By expanding exposure to sugaring, TikTok has brought perceptions of sugaring back to reality. For most, sugaring doesn’t look like the multi-million-liked videos of Gucci bags and private yachts; just as often, it’s done to pay off student loans or hospital bills, support families, or in pursuit of a normal, comfortable life. With its more intimate user-viewer environment, the platform also grants us a peek under the curtain––sugar babies juggling multiple clients, explaining how they act or dress to appear enticing, or sharing terrifying stories of close calls with dangerous or unappealing clients. TikTok does not merely reframe the cultural conversation around sugaring, however; its message is also an explicit departure from the messaging employed by other platforms. For instance, in a 2019 article in The Harvard Crimson, Malaika Tapper emphasizes that the marketing of prominent sugaring sites like SeekingArrangement positions sugaring as a route to free money, “eras[ing] the baby’s work and focus[ing] instead on what she gains…” TikTok’s comparatively transparent culture seeks to give a more nuanced account of sugar babies, a niche which other platforms, by either being too polished or perhaps too sexually conservative, were incapable of filling.

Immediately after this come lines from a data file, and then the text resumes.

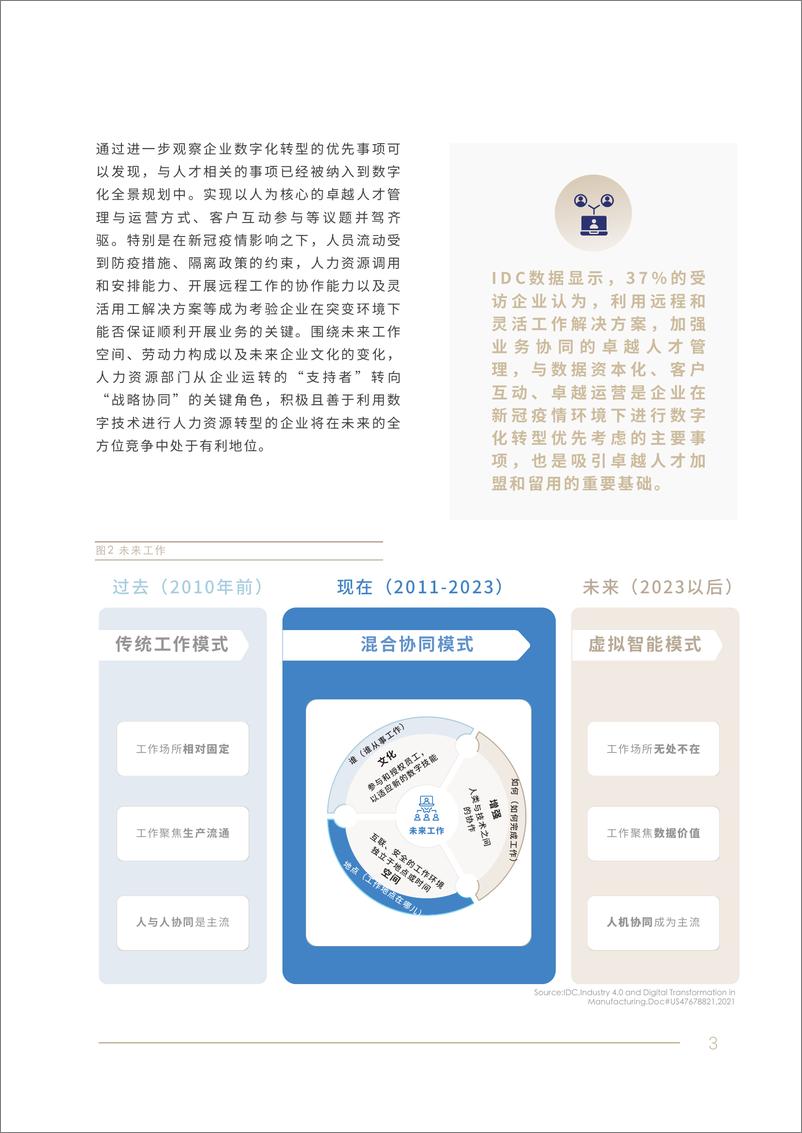 《2022人力资源数字化转型白皮书》 - 第8页预览图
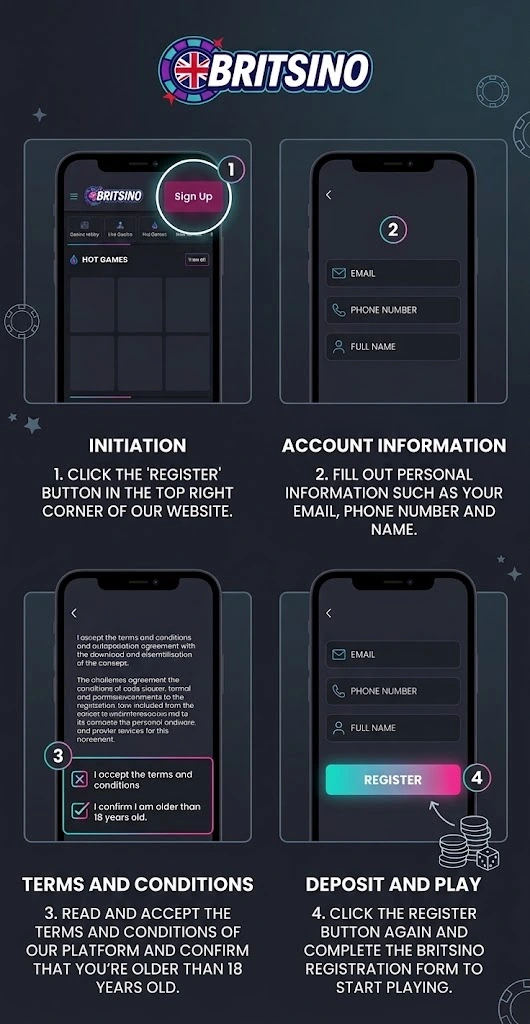 Britsino Registration Guide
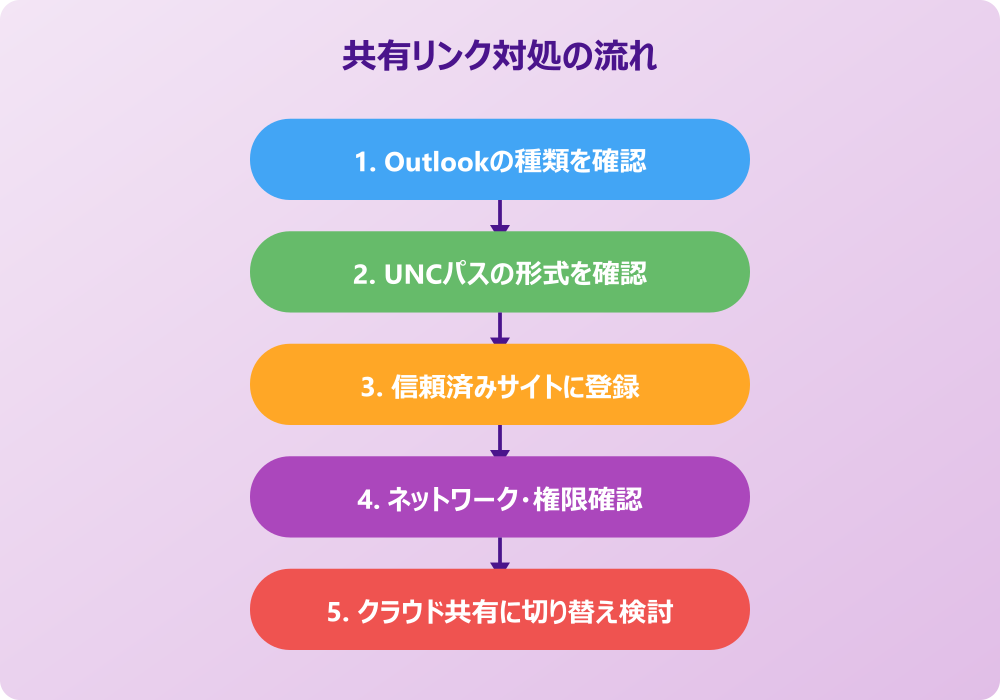 Outlookで共有フォルダのリンクを開けるようにする対処手順
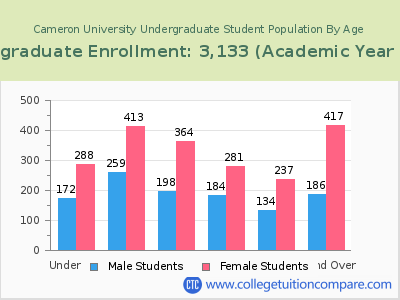 Cameron University 2023 Undergraduate Enrollment by Age chart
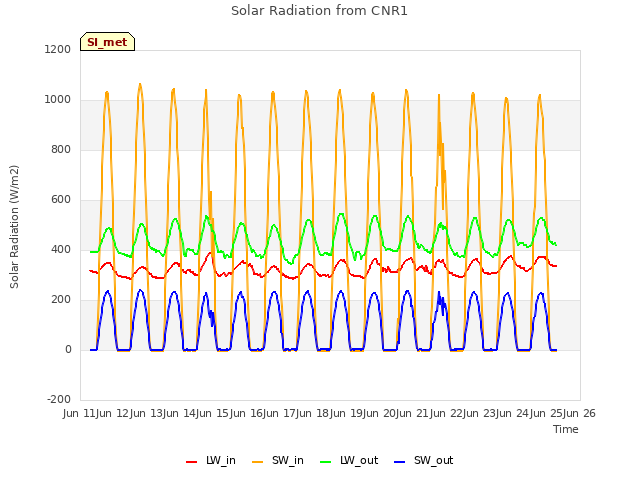 plot of Solar Radiation from CNR1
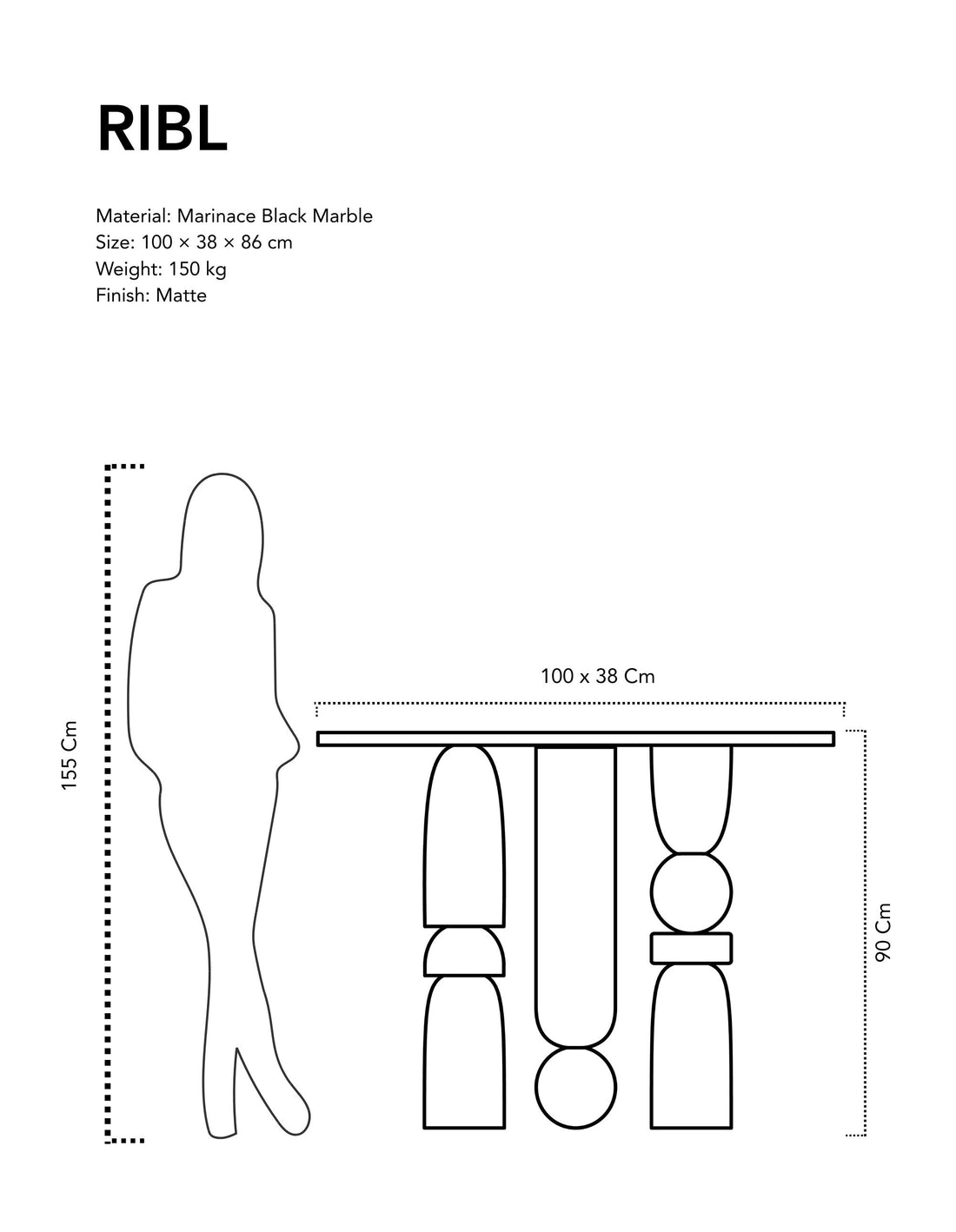 RIBL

In any case, sugaring has a hold on my generation, both as an idealized rocket ship ride to incredible wealth and a common-sense way to cope with the depressing reality of college debt and increasing feelings of financial uncertainty. It’s strange that sugar daddy culture has found its way into Gen Z’s collective heart, a demographic famous for its interest in Bernie Sanders-ian redistribution of wealth, but Jia Tolentino offers a compelling explanation in her essay “The Story of a Generation in Seven Scams.” She writes, “I have felt so many times that the choice of this era is to be destroyed or to morally compromise ourselves in order to be functional––to be wrecked, or to be functional for reasons that contribute to the wreck.” For her generation, the millennials, that meant trying to pull off a fortune-building scam––be it a fraudulent healthcare company or a big short. For Gen Z, far too cynical to believe in any serendipitous climb to becoming independently wealthy, sugaring presents a more reasonable alternative––become desirable, and there are people who will pay to desire you. Whether TikTok will continue to fuel this fantasy is impossible to determine, but it certainly appears to be more than a passing trend. Sugar babies have carved out space in the digital market, and they’re willing to tell you about it.